XSLT Part 1 -- The Basics (Java and XSLT)

Extensible Stylesheet Language (XSL) is a specification from the World Wide Web Consortium (W3C) and is broken down into two complementary technologies: XSL Formatting Objects and XSL Transformations (XSLT). XSL Formatting Objects, a language for defining formatting such as fonts and page layout, is not covered in this book. XSLT, on the other hand, was primarily designed to transform a well-formed XML document into XSL Formatting Objects.

Even though XSLT was designed to support XSL Formatting Objects, it has emerged as the preferred technology for all sorts of transformations. Transformation from XML to HTML is the most common, but XSLT can also be used to transform well-formed XML into just about any text file format. This will give XML- and XSLT-based web sites a major leg up as wireless devices become more prevalent because XSLT can also be used to transform XML into Wireless Markup Language or some other stripped-down format that wireless devices will require.

2.1. XSLT Introduction

Why is transformation so important? XML provides a simple syntax for defining markup, but it is up to individuals and organizations to define specific markup languages. There is no guarantee that two organizations will use the exact same markup; in fact, you may struggle to agree on consistent formats within the same group or company. One group may use <employee>, while others may use <worker> or <associate>. In order to share data, the XML data has to be transformed into a common format. This is where XSLT shines -- it eliminates the need to write custom computer programs to transform data. Instead, you simply create one or more XSLT stylesheets.

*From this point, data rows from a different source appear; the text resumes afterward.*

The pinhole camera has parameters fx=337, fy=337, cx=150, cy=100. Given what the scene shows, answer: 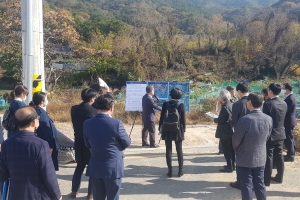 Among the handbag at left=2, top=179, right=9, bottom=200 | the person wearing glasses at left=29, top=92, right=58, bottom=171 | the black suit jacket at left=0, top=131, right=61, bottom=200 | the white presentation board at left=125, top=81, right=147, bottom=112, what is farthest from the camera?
the white presentation board at left=125, top=81, right=147, bottom=112

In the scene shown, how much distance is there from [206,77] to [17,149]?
2753cm

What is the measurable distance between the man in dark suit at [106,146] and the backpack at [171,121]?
82.5 inches

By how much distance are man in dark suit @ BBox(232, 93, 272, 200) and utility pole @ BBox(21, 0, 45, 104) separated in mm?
4143

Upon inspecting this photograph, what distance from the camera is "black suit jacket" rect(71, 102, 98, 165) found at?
5090 mm

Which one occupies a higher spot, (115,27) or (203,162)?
(115,27)

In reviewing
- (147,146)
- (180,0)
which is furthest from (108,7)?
(147,146)

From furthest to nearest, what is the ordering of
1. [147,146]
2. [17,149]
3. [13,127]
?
[147,146] < [13,127] < [17,149]

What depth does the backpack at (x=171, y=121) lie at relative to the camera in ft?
19.8

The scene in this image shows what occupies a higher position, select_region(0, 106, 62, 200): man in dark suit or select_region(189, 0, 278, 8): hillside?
select_region(189, 0, 278, 8): hillside

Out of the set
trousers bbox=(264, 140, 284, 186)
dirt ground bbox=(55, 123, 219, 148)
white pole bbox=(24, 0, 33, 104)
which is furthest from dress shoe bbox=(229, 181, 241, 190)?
white pole bbox=(24, 0, 33, 104)

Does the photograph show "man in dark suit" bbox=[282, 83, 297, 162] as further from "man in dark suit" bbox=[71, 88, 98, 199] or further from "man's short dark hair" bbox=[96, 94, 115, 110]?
"man's short dark hair" bbox=[96, 94, 115, 110]

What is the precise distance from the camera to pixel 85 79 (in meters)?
29.8

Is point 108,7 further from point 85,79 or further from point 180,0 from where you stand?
point 85,79

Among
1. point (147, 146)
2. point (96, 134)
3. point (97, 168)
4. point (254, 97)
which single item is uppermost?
point (254, 97) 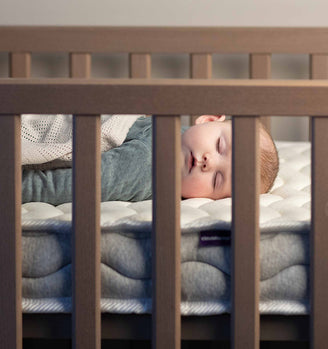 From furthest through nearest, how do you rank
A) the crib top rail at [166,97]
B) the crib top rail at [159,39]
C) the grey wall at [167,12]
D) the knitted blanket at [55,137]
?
1. the grey wall at [167,12]
2. the crib top rail at [159,39]
3. the knitted blanket at [55,137]
4. the crib top rail at [166,97]

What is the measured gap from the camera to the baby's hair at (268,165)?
1.14 m

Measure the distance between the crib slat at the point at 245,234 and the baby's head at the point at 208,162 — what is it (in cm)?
28

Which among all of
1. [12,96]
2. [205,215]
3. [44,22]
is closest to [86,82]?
[12,96]

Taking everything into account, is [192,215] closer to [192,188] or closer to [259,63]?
[192,188]

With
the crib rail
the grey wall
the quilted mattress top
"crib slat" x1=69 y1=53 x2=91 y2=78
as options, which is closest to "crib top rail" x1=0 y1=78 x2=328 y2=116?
the crib rail

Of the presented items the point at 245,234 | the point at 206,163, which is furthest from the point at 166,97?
the point at 206,163

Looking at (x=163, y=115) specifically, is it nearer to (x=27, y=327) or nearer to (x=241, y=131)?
(x=241, y=131)

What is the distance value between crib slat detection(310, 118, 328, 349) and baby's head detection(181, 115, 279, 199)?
0.30m

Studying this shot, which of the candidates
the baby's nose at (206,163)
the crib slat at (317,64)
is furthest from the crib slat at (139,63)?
the baby's nose at (206,163)

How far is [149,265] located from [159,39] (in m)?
0.75

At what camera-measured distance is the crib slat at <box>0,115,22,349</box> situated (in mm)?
795

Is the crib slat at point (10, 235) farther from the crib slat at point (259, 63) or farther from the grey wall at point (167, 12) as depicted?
the grey wall at point (167, 12)

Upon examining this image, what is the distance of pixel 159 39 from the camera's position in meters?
1.50

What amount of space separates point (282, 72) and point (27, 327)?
1062 millimetres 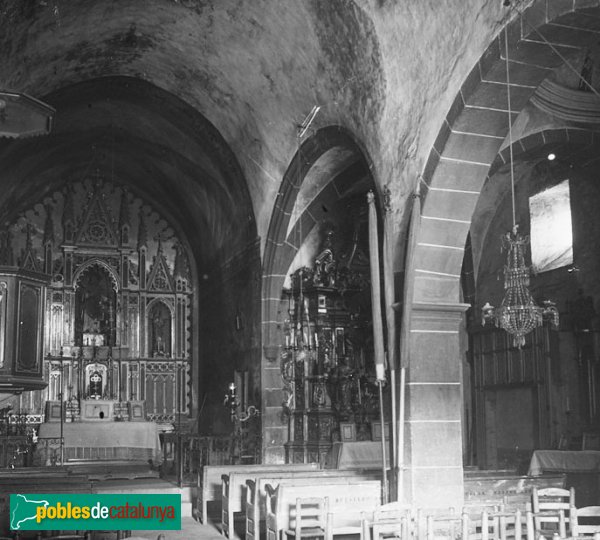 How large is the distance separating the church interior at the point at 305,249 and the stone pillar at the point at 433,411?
0.09ft

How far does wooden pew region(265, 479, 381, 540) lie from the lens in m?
8.05

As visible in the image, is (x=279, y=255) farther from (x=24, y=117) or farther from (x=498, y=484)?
(x=24, y=117)

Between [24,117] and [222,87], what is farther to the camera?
[222,87]

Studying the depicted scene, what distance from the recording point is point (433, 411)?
8.98 meters

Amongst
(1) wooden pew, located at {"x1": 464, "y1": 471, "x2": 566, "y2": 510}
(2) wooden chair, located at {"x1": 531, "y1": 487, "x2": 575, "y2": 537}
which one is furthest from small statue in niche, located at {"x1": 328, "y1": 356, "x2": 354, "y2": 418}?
(2) wooden chair, located at {"x1": 531, "y1": 487, "x2": 575, "y2": 537}

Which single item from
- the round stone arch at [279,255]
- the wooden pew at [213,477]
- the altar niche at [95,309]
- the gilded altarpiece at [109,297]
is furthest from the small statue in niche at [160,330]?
the wooden pew at [213,477]

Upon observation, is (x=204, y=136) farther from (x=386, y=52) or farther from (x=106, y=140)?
(x=386, y=52)

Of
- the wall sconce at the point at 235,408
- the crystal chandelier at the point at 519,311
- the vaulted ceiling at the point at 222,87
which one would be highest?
the vaulted ceiling at the point at 222,87

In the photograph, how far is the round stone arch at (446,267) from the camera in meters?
8.43

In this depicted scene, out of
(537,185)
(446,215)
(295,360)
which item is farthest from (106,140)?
→ (446,215)

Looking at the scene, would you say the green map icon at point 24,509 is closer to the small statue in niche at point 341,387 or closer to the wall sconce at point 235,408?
the small statue in niche at point 341,387

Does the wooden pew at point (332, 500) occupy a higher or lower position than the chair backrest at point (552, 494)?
lower

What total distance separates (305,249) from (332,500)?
7563mm

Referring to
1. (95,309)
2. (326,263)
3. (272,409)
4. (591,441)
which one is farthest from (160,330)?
(591,441) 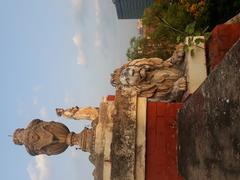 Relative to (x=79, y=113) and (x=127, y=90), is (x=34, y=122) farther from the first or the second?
(x=127, y=90)

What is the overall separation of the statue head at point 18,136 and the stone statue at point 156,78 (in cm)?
239

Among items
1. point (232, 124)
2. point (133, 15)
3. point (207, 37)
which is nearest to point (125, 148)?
point (207, 37)

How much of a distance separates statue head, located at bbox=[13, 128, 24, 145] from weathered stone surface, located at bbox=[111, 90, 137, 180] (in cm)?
247

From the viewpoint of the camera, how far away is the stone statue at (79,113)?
10.0 m

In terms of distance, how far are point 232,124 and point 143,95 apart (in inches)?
172

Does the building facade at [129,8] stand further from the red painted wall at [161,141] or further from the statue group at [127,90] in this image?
the red painted wall at [161,141]

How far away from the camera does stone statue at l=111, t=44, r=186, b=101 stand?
29.8ft

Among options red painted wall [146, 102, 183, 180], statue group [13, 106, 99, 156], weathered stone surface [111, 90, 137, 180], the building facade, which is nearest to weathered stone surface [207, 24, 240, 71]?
red painted wall [146, 102, 183, 180]

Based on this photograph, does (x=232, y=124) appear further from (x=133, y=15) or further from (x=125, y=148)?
(x=133, y=15)

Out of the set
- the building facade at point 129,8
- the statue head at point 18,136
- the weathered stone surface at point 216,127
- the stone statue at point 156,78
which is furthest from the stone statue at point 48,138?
the building facade at point 129,8

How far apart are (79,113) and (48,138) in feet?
3.42

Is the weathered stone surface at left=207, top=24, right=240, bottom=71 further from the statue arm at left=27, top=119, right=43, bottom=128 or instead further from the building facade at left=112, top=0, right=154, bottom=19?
the building facade at left=112, top=0, right=154, bottom=19

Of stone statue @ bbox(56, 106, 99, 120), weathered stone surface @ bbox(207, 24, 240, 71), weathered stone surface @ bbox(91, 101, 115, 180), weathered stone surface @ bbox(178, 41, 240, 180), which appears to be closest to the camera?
weathered stone surface @ bbox(178, 41, 240, 180)

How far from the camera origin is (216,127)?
538 cm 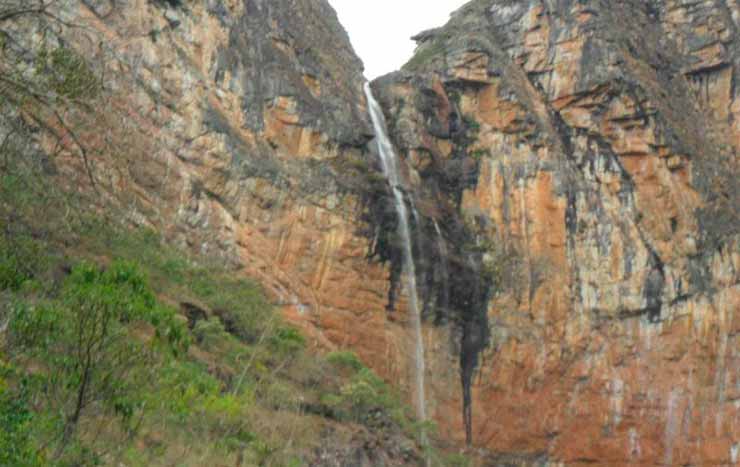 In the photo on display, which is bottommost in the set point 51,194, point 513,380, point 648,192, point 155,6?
point 513,380

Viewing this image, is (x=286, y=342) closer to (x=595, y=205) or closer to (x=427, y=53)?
(x=595, y=205)

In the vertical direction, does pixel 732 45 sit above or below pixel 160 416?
above

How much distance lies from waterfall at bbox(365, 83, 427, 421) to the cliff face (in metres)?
0.57

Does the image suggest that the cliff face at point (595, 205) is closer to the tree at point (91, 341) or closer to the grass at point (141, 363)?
the grass at point (141, 363)

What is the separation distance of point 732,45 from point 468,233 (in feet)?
40.5

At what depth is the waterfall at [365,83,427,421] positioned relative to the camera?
23.7m

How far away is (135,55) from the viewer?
68.8ft

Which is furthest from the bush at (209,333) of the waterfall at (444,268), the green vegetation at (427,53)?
the green vegetation at (427,53)

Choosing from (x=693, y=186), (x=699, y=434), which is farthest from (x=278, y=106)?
(x=699, y=434)

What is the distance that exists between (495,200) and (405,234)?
146 inches

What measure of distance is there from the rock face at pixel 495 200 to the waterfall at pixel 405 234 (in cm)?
32

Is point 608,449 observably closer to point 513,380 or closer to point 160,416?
point 513,380

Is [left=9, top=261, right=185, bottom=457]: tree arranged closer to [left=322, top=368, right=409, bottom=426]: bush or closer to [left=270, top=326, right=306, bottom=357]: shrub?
[left=270, top=326, right=306, bottom=357]: shrub

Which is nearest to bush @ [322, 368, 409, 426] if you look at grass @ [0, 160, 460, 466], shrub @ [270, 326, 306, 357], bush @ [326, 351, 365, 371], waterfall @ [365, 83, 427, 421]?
grass @ [0, 160, 460, 466] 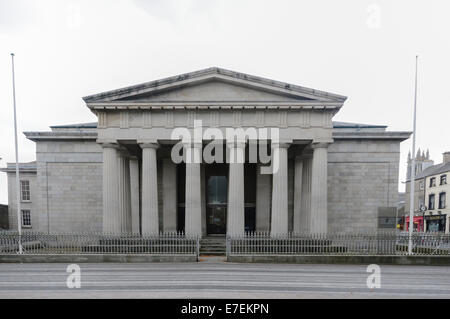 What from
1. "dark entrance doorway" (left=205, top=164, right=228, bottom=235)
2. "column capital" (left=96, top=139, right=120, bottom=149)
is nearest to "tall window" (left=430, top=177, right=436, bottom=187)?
"dark entrance doorway" (left=205, top=164, right=228, bottom=235)

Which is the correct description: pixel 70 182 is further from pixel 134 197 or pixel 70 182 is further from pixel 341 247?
pixel 341 247

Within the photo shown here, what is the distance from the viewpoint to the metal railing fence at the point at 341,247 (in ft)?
43.4

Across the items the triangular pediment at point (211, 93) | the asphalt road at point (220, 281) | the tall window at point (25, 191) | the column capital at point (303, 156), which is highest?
the triangular pediment at point (211, 93)

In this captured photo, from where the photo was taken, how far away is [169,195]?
21.2 m

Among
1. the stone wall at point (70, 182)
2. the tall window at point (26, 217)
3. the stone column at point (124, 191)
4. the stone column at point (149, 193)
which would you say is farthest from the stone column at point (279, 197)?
the tall window at point (26, 217)

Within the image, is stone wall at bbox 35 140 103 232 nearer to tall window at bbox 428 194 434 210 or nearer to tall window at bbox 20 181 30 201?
tall window at bbox 20 181 30 201

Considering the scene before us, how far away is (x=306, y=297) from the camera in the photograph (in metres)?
8.13

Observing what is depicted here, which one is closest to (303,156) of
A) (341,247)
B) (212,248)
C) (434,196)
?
(341,247)

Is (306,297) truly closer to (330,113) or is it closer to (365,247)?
(365,247)

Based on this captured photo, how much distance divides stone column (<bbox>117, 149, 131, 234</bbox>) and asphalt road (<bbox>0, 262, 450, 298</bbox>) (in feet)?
20.6

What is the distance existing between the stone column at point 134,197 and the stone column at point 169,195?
7.04 feet

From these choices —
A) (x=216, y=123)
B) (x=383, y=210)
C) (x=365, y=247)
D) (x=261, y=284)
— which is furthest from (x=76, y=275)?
(x=383, y=210)

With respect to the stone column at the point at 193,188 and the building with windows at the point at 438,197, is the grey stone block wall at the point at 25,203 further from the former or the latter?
the building with windows at the point at 438,197

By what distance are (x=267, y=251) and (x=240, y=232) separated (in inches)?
107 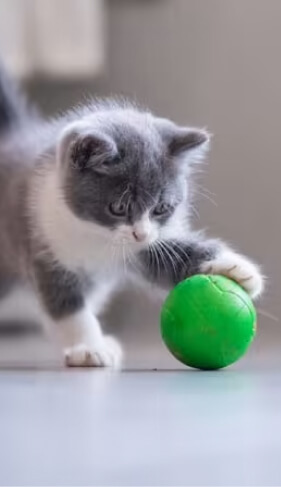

An XSLT processor is an application that applies an XSLT stylesheet to an XML data source. Instead of modifying the original XML data, the result of the transformation is copied into something called a result tree, which can be directed to a static file, sent directly to an output stream, or even piped into another XSLT processor for further transformations. Figure 2-1 illustrates the transformation process, showing how the XML input, XSLT stylesheet, XSLT processor, and result tree relate to one another.

Figure 2-1. XSLT transformation

The XML input and XSLT stylesheet are normally two separate entities.[5] For the examples in this chapter, the XML will always reside in a text file. In future chapters, however, we will see how to improve performance by dealing with the XML as an in-memory object tree. This makes sense from a Java/XSLT perspective because most web applications will generate XML dynamically rather than deal with a series of static files. Since the XML data and XSLT stylesheet are clearly separated, it is very plausible to write several different stylesheets that convert the same XML into radically different formats.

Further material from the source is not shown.